--- Extracted data ---

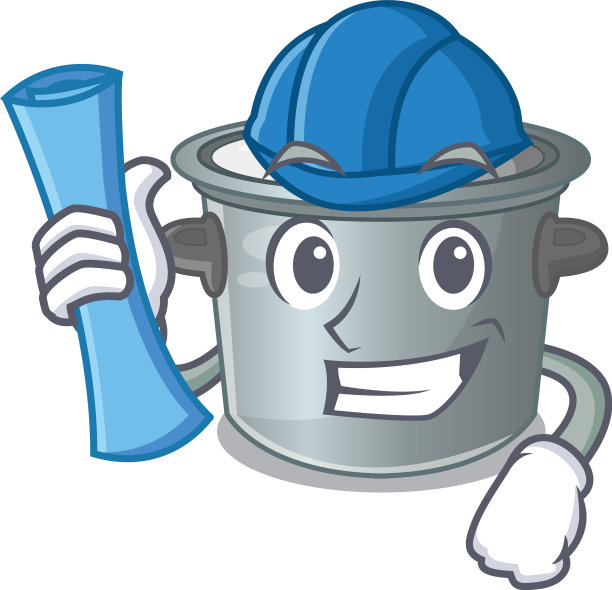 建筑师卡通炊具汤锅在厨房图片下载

---
--- Extracted data ---

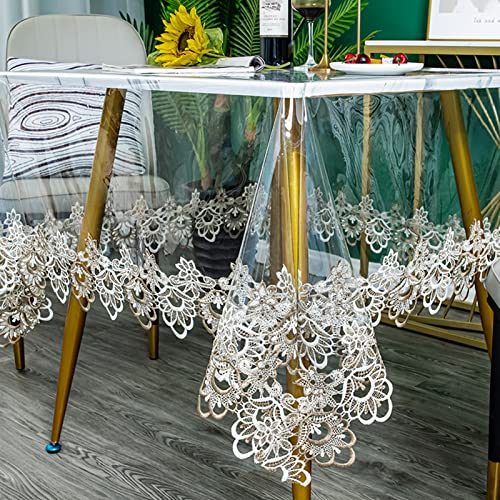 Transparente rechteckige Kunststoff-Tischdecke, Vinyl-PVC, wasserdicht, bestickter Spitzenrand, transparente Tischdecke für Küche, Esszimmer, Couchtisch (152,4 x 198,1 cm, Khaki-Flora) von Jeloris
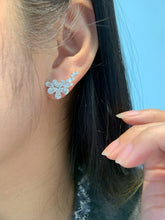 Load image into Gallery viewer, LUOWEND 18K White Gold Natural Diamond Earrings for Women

---

[Work to be completed]:
Among the entries above, copy exactly the stretch from the line holding "Khaki-Flora) von Jeloris" through the line holding "Load image into", leaving out any pictures.

[Result of this task]:
 Transparente rechteckige Kunststoff-Tischdecke, Vinyl-PVC, wasserdicht, bestickter Spitzenrand, transparente Tischdecke für Küche, Esszimmer, Couchtisch (152,4 x 198,1 cm, Khaki-Flora) von Jeloris
 Load image into Gallery viewer, LUOWEND 18K White Gold Natural Diamond Earrings for Women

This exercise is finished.